For all of the above reasons I would, without modification, uphold the preliminary injunctions6 issued below.
. Leyden v. Federal Aviation Administration and George M. Gary, 315 F.Supp. 1398, 69-C-1566.
. The suspensions in question were administered for “abuse of sick leave” on June 19, 1969, when numerous FAA employees throughout the country failed to report for work and claimed that they were ill and unable to work.
. 315 F.Supp. 1398 (EDNY 1970).
. The statute is sot out at the end of the majority opinion.
. This conclusion is strongly supported by the legislative history. The original version of the provision was included in an act entitled “An Act to prohibit the employment * * * ” (emphasis added), 69 Stat. 624, Public Law 84-330, passed August 9, 1955, and read:
No person shall accept or hold office or employment in the Government of the United States or any agency thereof * * *, who
% * * * *
(3) participates in any strike or asserts the right to strike against the Government of the United States or such agency * * *. (Emphasis added.)
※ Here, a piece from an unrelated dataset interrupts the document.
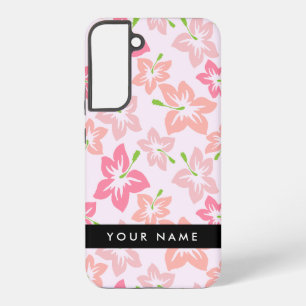 Pink Hibiscus, Pink Flowers, Your Name Samsung Galaxy Case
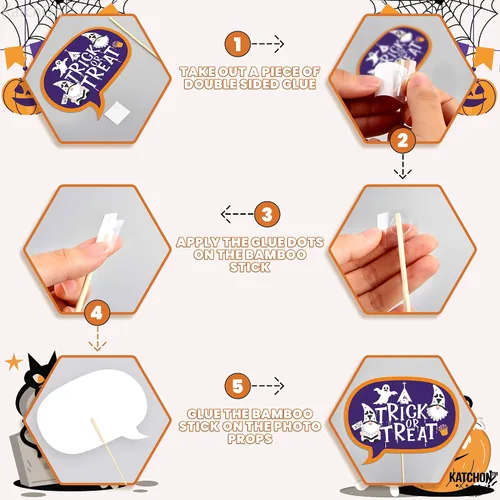 Vista 7 de KatchOn, Juego de accesorios para cabina de fotos de Halloween, paquete grande de 24, accesorios de fotos de Feliz Halloween para sesión de fotos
The 1966 codification, part of Public Law 89-554, gave the section its present wording. Although “No person shall * * * hold” was changed to “An individual may not * * * hold” the Committee Report is overly explicit in stating that no substantive change was intended. Report (No. 1380) from the Committee on the Judiciary, United States Senate, to Accompany H.R. 10104, pp. 19-21 (1966). Indeed, the Report states:
The words “may not” are used in the prohibitory sense, as “is not authorized to” and “is not permitted to.” Id. at 20.
. Both the majority and I have referred to “injunctions” throughout our opinions. However, between oral argument and the present decision, the Air Transport Association’s appeal was dismissed on September 11, 1970 upon stipulation. Hence only the merits of the Government’s case have been considered.